MONTREAL Exclusive: Taming police Tasers - Public security panel Cops urged to use stun gun only when a life is at risk
June 11, 2010
JAMES MENNIE, The Montreal Gazette
Montreal police should continue to use Tasers but only when they're the sole alternative to a firearm, Montreal Island's public security committee will recommend next week.
But that recommendation is not the unanimous finding of the nine-member committee, The Gazette has learned. A minority report will recommend that Taser use by Montreal's police force be subject to a moratorium until more is known about just how dangerous the device can be.
During a series of public hearings this year, Montreal police representatives described the Taser -a stun gun that can deliver a 50,000-volt charge -as "an intermediate weapon" that would be used as an alternative to a firearm.
But the police representatives also noted that the device could be used to bring incidents involving heavily disturbed individuals to a quick conclusion -even when police use of a firearm is not necessarily the only alternative.
The committee's recommendation, which is scheduled to be tabled next week during a meeting of Montreal's agglomeration council, will seek to have the protocols for Taser use by police mirror those already in place for firearms -that the officer's life, or the lives of bystanders, be at risk.
The protocol would also allow a Taser to be used if the life of the suspect is at risk -police intervening in a suicide attempt, for example.
The recommendation also calls for a Taser, once drawn, to be used only once on a suspect, and for the public security committee to be notified of any technological or training changes that might affect the Montreal police department's use of the device.
The report will also recommend that rather than using a Taser on mentally disturbed suspects, police call in support from someone trained to deal with individuals who have psychiatric problems.
Taser use by police has been under scrutiny in Montreal since the 2007 death of Quilem Registre, 38, four days after being tasered six times by police after he was stopped for a traffic violation. Coroner Catherine Rudel-Tessier concluded that while cocaine and alcohol in Registre's system might have contributed it to his death, it was "difficult to believe (the taserings) played no role."
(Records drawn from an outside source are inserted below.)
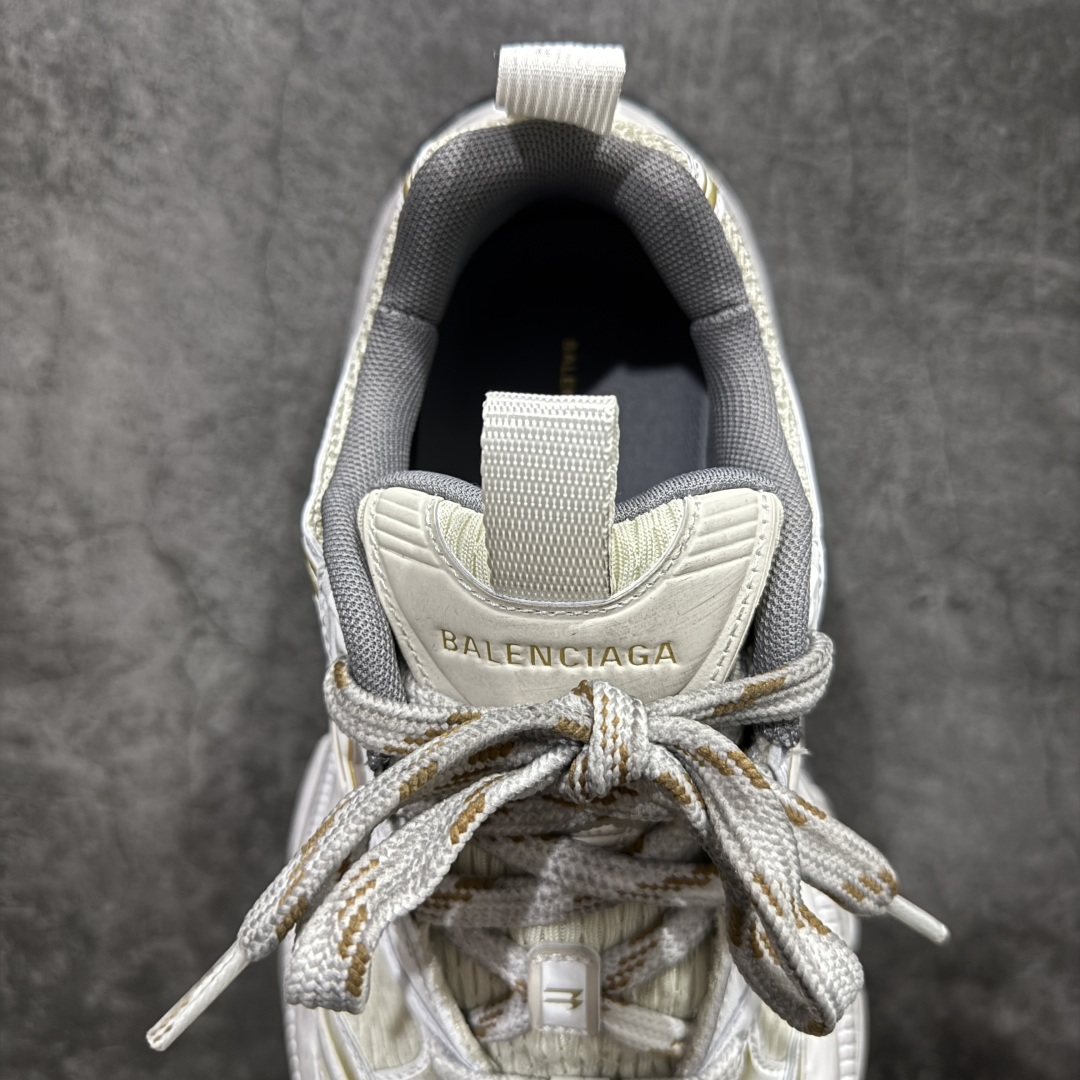 图片[8]-【XA纯原】BALENCIAGA 6XL Sneakers巴黎世家15代 网布系带低帮走秀复古老爹鞋全套原纸板楦头开发 最原汁原味的灵魂版型 全鞋荧光划线卡点 胶水把控整洁度追求极致完美 每一双都是工艺品 多重QC质检 超越公司货的品控标准 实实在在的免检产品 原盒原配 正确字体电绣 粗细、位置、大小正确 侧边TPU 透气孔匹配意产原版 正确分离大底 TPU软底 原版一致大底LOGO 立体感十足 原厂皮料水洗做旧 采购原厂网纱 不含皮革 网布材料和聚氨酯 磨损效果 展现品牌对于新潮事物的热情 这款鞋子拥有巨大尺寸和醒目设计 符合当下”老爹鞋”的趋势 鞋子采用银灰配色 营造出低调而不失华丽的效果 10XL的尺码使它成为市场中最显眼的存在 适合追求个性化的人群 Balenciaga始终站在时尚前沿 此次发布的产品再次体现了他们的创新能力  尺码：35 36 37 38 39 40 41 42 43 44 45 46 编码：DF440460-莆田鞋批发中心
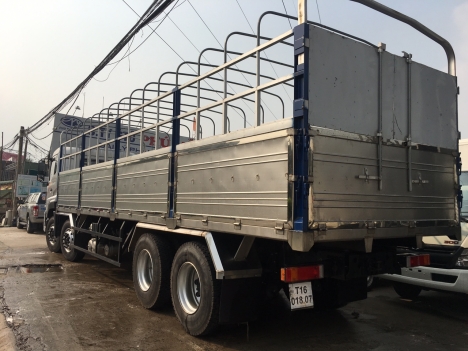 Xe tải Dongfeng Hoàng Huy 4 Chân 17t9.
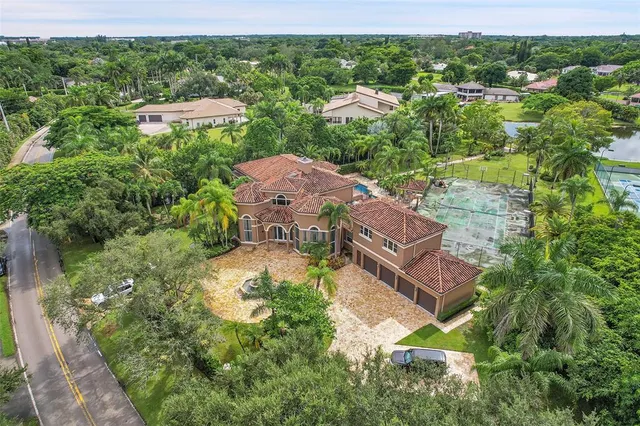 $8,500 | 4200 Coral Hills Drive, Coral Springs, FL 33065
The hearings heard that about 100 Montreal police officers are trained to use the 17 Tasers in the department. Montreal police discharged Tasers during 11 incidents in 2009, and they drew them from their holsters without using them another seven times.
Police statistics show Tasers were fired 11 times and drawn as a threat three more times in 2008; fired 23 times and used as a threat 10 times in 2007; fired 17 times and used as a threat 11 times in 2006.
During the three years after their introduction in 2001, Montreal police pulled out the stun gun 14 times.